Your novel’s third section, The Mine, is about overseas interests developing a gold mine outside the village. In the course of creating a road to the mine and flattening houses, workers uncover a horribly sad find at the bottom of a well: the skeletons of six unborn babies and two newborns. There’s speculation about what was going on at that property …
Just as gold was brought to the surface in the nineteenth century, now the hideous truths associated with the village of Muckleton are turned up by the brutal intervention of a Chinese mining company in 2020. There is irony in the fact that the new mine is Chinese, for many of the nineteenth-century miners were also Chinese. There is a sense in which the past is returning to Muckleton. It could be that, as the new mine turns up the evidence of past events such as abortions and murders, it will also reveal the body of Alice Dooley.
Also, the skeleton of a teenage girl who disappeared in 1962 is found under the roots of a tree, with an old gun. There’s further speculation …
Yes, this discovery is particularly grisly, and unravels many of the facts of the lives of past villagers. The gun was used in the Second World War, and so is part of the fabric of the novel’s understanding that the wars of the twentieth century still cast a dangerous shadow across life in the twenty-first. The image of the red poppies ripples throughout the text, binding together past history of pointless loss of life and the human folly that would seem to multiply with every passing year.
Marsali’s book club reads Lewis Carroll’s two Alice books. Carroll’s Alice survives her adventures, but the women readers suspect their local Alice is dead. Do you want to tell us anything about the resolution of the missing woman mystery?
I don’t think it would be proper for me to comment on the resolution, except to say that the mystery is solved, and the solution is, in accordance with the rest of the narrative, bleak and ugly.

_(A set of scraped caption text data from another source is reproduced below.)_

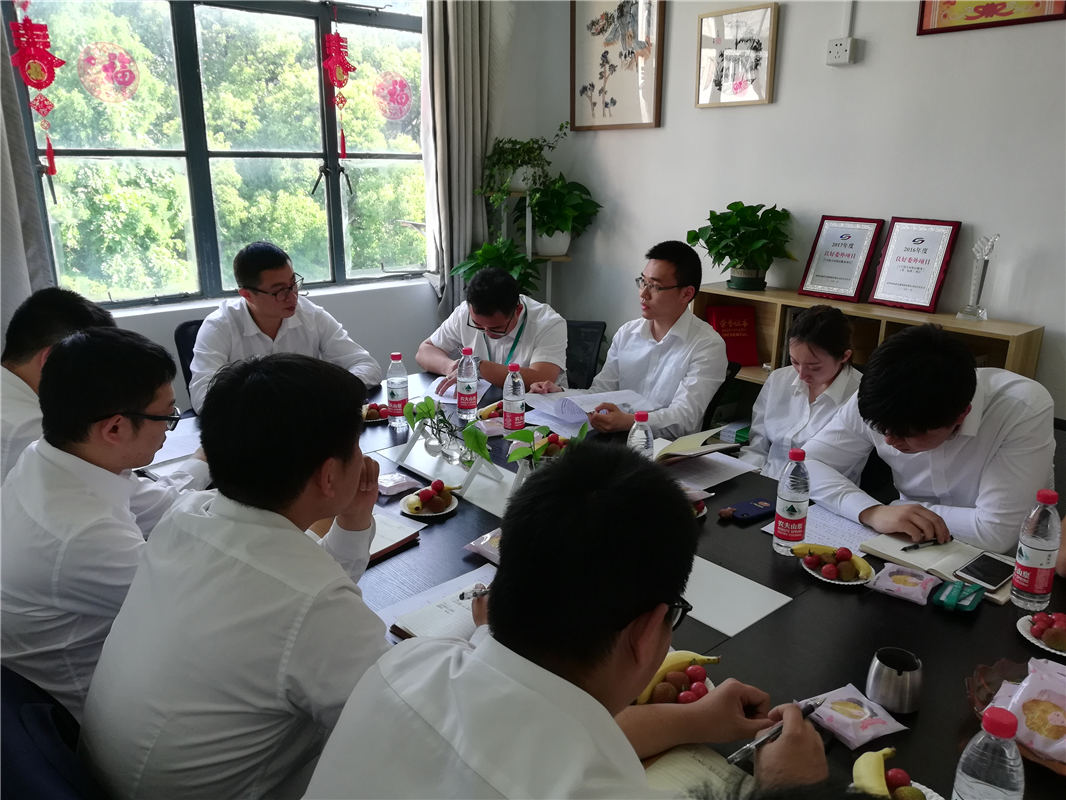 轻轨分部青年员工发言(2)_副本1.jpg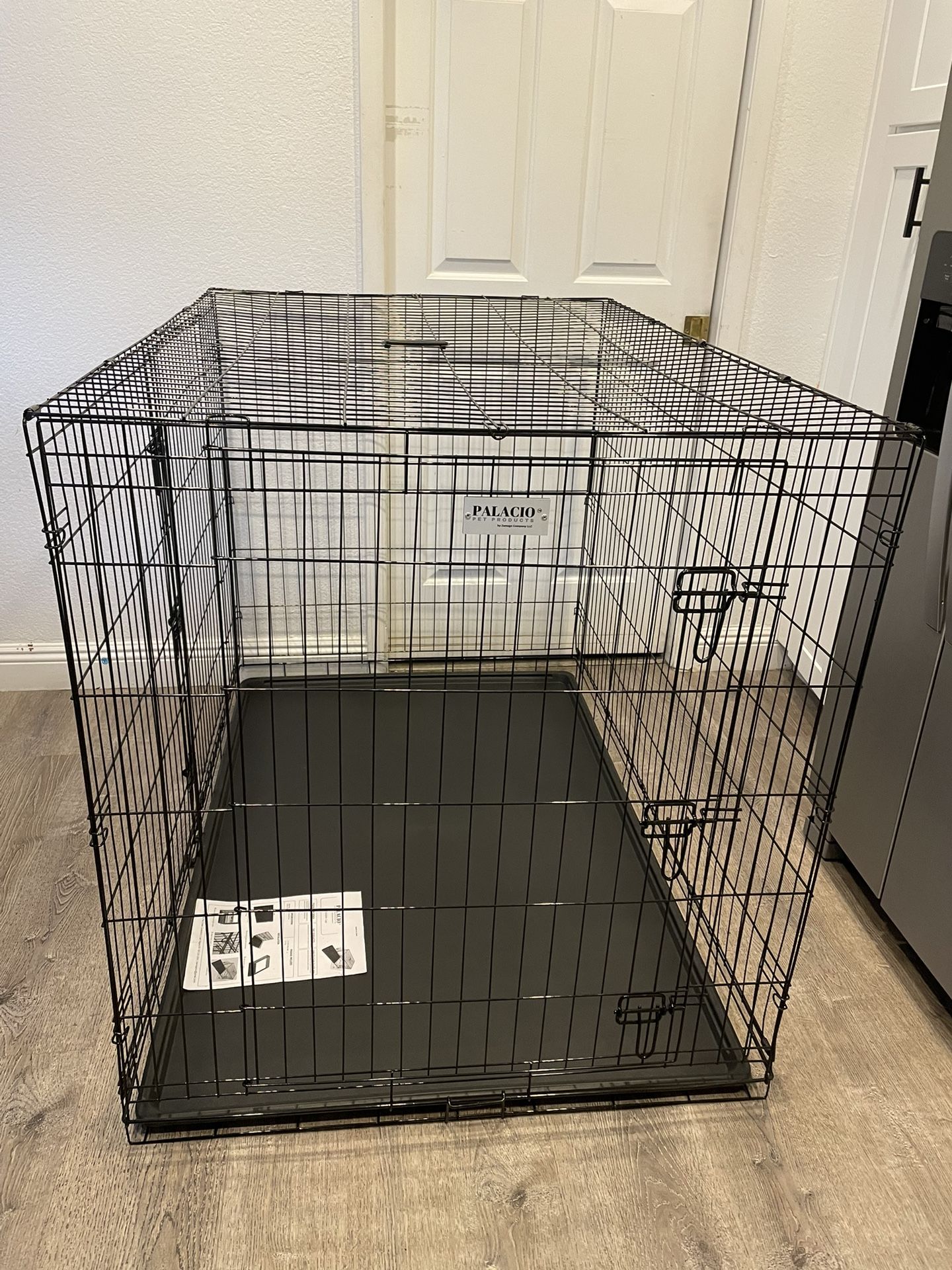 New XXXL 54” kennel $109 Firm Firme
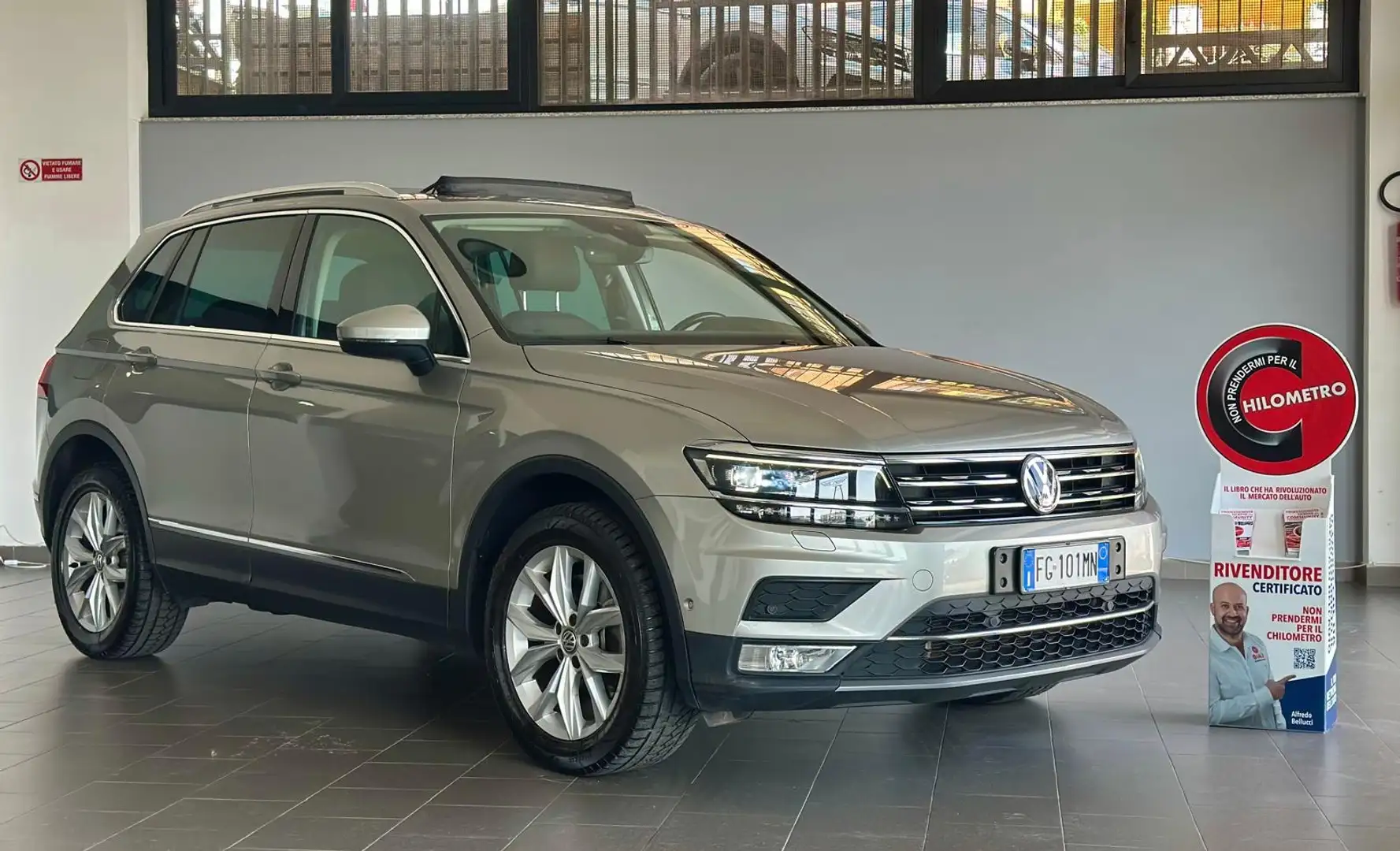 Volkswagen Tiguan Tiguan 2.0 tdi Executive 4motion 190cv dsg Gris - 1
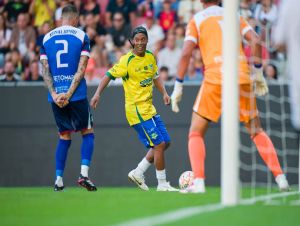 Ronaldinho ukázal v Trnave technické finesy, hľadisko bolo vypredané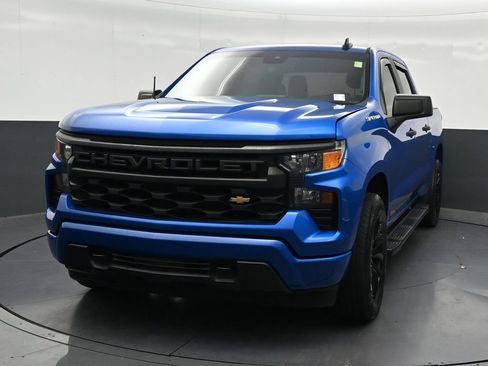 Used 2022 Chevrolet Silverado 1500 Custom RWD image 9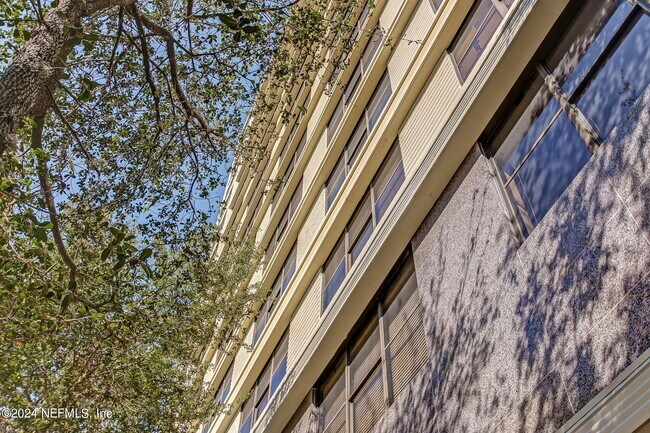 Foto del edificio - 311 W Ashley St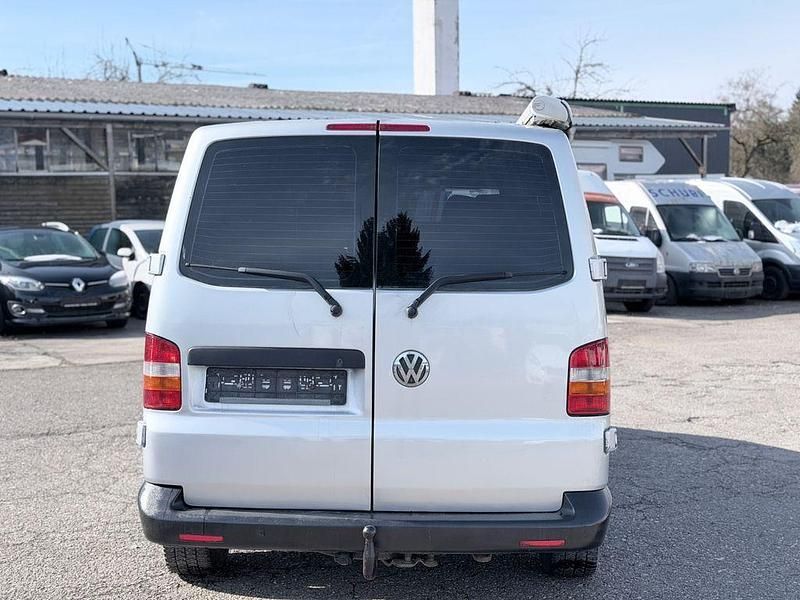 Second-hand VW Transporter 131 CP (96 kW) 2005 Argintiu Van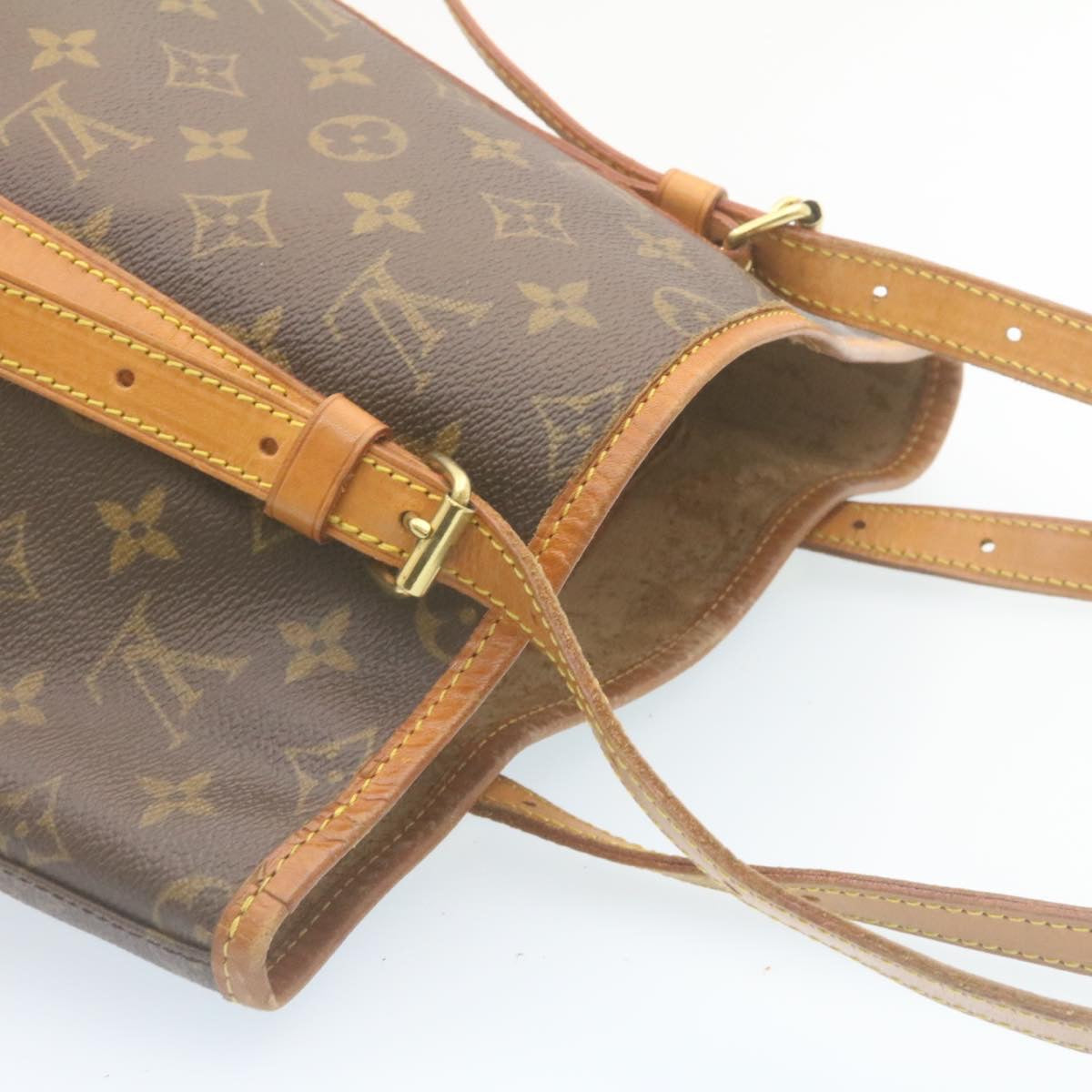 LOUIS VUITTON Monogram Bucket GM Shoulder Bag bs465 LV ro238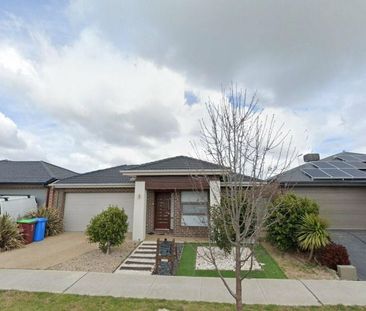 8 Scullin Street, Cranbourne East - Photo 1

As for the reading of the Alice books – well, there is overall sense in Field of Poppies that the real world is a wild and unreliable place of insanity and danger. The Alice books dramatise this very idea. They are funny, but they are also dreadful. Field of Poppies intends to be just that – it takes a satirical slant on life today, while stating quite clearly that the world is in terrible trouble, and that people are not conscious enough of the urgency of the danger, the imminence of the catastrophe. Dream is a motif of the novel, with poppies frequently fluttering in the wind. The crimes of the plot (robbery, murder, destruction of the village) are local and ‘domestic’, while larger crimes such as mining and wars and so on are seen to be progressively destroying the planet.
Yes, there are the truly big issues, which we might call existential catastrophes or ‘crimes against humanity and environment’.
Yes, I have prefaced the novel with a wild list of some of these issues. They are the background to the events that happen in Muckleton. The intention is to suggest that human beings, even good, pleasant human beings such as Marsali and William (interior designer and doctor), are not innocent bystanders. (At this point a reader could well turn to the first epigraph to the novel.) William knows a vast amount about how the world works, but it is not enough.
If the dead body of Alice Dooley was possibly thrown off a cliff in the wilds of MacGillycuddy’s Reeks, then the reality of eternal darkness is probably rushing towards human life. The small crimes are maybe just examples and warnings – perhaps the spirit of the universe is saying ‘Danger – Take Care – Cliff Edge’. A butterfly goes extinct in the course of the narrative. And you know what they used to say about a butterfly in New Mexico flapping its wings and causing a tornado in China.
Thanks for your responses, Carmel.
Robyn, it was really exciting for me to explore the text with you for Sisters in Crime.
*Robert Drewe commented: “How to describe Field of Poppies? A lush feast of wit and wisdom? Writing so rich you simply want to devour it? A forensic examination of an Australian country town? Literary tour de force will have to do.”